June 29, 2014

Two attempts to model the World Cup knockout rounds

With the World Cup knockout rounds underway, it’s time for me to give an analysis of which team I think will hoist the Cup at Maracanã on July 13.

Since I don’t know that much about soccer, beyond what I hear from my fútbol-loving friends and from the commentary on these matches, I decided to turn to one thing I do a bit about: data. Particularly that from the group rounds, since that gives us the most-recent information from the teams’ on-field play.

Obviously, we could analyze the key particulars — wins, losses, draws, goals — and those would give us some moderately reasonable ideas of who might be coming in with a head of steam. But there’s a difference between Brazil’s 4-1 trouncing of hapless Cameroon (which finished with zero points) and France’s 5-2 blowout against Switzerland (which qualified as the group’s second seed).

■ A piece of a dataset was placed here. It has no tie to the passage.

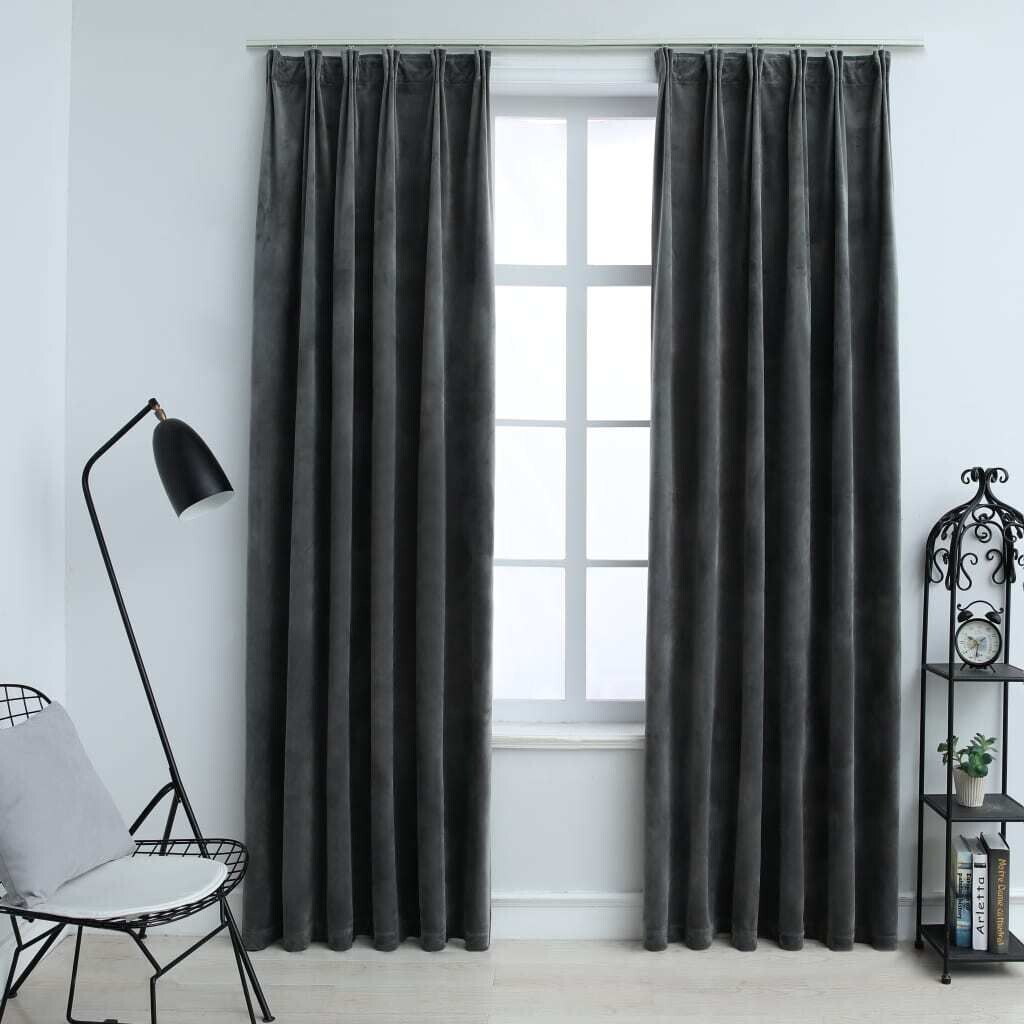 

VidaXL Плотные шторы с крючками, 2 шт. бархатные антрацитовые 140x245см - Шторы - Шторы - Шторы с металлическими люверсами - Шторы с металлическими люверсами, серый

To account for that, I created two comparators.

The synthetic criteria

Weighted Points is the number of points awarded for each result (3 for a win, 1 for a draw) multiplied by the respective opponent’s final point-total.

Weighted Goal Differential is the goal differential for a given game multiplied by the respective opponent’s final point-total.

Since Switzerland finished with 6 points in its group — it beat both Ecuador and Honduras — France would receive 18 Weighted Points (3 points for win x 6 Swiss points) and a Weighted Goal Differential of 18 (+3 GD x 6 Swiss points).

In that same game, Switzerland would receive 0 Weighted Points and would get a Weighted Goal Differential of -21 (-3 GD x 7 French points).

The data

Here is a table with each qualifier’s stats.

Team Pts GD GF WPts WGD
Brazil 7 5 7 16 6
Chile 6 2 5 9 -12
Colombia 9 7 9 24 18
Uruguay 6 0 4 12 -10
France 7 6 8 22 18
Nigeria 4 0 3 10 -6
Germany 7 5 7 25 20
Algeria 4 1 6 5 -7
Netherlands 9 7 10 27 24
Mexico 7 3 4 16 6
Costa Rica 7 3 4 28 15
Greece 4 -2 2 10 -24
Argentina 9 3 6 24 8
Switzerland 6 1 7 12 -17
Belgium 9 3 4 21 7
USA 4 0 4 7 -6

Now, for the methods for comparison. I went with two.

Five criteria

I used the first three determinants of standing in the group round (points, goal differential, goals for) and added my two weighted criteria. Whichever competitor “won” more match-ups would advance.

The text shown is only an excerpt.